▶

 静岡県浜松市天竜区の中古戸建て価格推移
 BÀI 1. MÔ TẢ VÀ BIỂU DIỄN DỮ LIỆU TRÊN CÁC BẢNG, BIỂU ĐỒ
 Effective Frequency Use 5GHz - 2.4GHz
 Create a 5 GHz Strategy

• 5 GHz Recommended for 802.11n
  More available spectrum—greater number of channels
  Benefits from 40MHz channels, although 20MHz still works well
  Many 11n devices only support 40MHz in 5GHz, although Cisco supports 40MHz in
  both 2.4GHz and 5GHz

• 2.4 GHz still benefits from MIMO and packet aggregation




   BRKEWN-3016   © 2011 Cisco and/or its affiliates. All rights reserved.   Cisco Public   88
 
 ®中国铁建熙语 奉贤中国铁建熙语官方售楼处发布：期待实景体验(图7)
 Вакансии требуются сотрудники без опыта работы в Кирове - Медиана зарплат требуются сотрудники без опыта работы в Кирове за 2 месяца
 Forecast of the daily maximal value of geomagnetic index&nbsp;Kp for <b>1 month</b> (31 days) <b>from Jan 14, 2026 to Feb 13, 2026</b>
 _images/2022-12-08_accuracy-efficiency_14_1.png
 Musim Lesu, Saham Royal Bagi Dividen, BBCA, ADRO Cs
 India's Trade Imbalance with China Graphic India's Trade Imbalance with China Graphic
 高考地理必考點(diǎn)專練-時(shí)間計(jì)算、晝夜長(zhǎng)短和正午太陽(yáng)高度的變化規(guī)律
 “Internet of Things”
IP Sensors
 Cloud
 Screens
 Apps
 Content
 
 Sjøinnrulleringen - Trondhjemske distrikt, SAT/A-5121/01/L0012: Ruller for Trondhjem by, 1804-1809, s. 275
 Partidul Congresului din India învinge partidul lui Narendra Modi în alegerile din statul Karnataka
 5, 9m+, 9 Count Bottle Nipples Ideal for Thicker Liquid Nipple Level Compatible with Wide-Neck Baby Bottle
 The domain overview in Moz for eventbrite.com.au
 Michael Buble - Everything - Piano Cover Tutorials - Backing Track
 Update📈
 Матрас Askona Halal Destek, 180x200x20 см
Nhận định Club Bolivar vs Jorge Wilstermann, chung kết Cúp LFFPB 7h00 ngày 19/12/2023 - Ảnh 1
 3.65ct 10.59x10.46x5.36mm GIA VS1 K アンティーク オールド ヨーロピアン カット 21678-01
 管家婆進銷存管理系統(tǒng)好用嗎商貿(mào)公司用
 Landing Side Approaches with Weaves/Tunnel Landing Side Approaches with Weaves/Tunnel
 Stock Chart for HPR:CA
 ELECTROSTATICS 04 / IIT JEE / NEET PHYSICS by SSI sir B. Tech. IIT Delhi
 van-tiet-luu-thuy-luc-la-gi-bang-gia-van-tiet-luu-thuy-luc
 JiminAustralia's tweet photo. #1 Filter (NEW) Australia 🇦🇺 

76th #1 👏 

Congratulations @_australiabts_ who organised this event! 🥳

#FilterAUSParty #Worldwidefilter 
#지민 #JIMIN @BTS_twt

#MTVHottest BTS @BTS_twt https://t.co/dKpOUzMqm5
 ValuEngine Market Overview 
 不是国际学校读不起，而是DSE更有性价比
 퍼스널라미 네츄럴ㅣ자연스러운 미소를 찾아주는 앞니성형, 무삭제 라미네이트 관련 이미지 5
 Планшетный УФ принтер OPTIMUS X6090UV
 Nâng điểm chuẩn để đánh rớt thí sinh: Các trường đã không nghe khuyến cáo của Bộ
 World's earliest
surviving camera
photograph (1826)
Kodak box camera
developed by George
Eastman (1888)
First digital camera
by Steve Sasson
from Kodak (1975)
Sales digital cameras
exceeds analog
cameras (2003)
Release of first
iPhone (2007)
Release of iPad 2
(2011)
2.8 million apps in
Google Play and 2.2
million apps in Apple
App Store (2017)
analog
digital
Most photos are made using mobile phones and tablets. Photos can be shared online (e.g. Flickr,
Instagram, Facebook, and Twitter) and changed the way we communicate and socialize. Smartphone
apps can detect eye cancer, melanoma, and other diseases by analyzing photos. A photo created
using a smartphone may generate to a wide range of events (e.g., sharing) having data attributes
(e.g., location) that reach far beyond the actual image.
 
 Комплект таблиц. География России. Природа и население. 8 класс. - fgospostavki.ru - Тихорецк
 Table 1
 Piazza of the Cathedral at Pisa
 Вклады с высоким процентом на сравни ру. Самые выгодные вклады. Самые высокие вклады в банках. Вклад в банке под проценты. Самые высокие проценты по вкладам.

◀

*PROMPT:* Above are the entries; repeat their lines exactly, from the first through the one that contains "Benefits from 40MHz".

*SOLUTION TO THIS EXERCISE:*
 静岡県浜松市天竜区の中古戸建て価格推移
 BÀI 1. MÔ TẢ VÀ BIỂU DIỄN DỮ LIỆU TRÊN CÁC BẢNG, BIỂU ĐỒ
 Effective Frequency Use 5GHz - 2.4GHz
 Create a 5 GHz Strategy

• 5 GHz Recommended for 802.11n
  More available spectrum—greater number of channels
  Benefits from 40MHz channels, although 20MHz still works well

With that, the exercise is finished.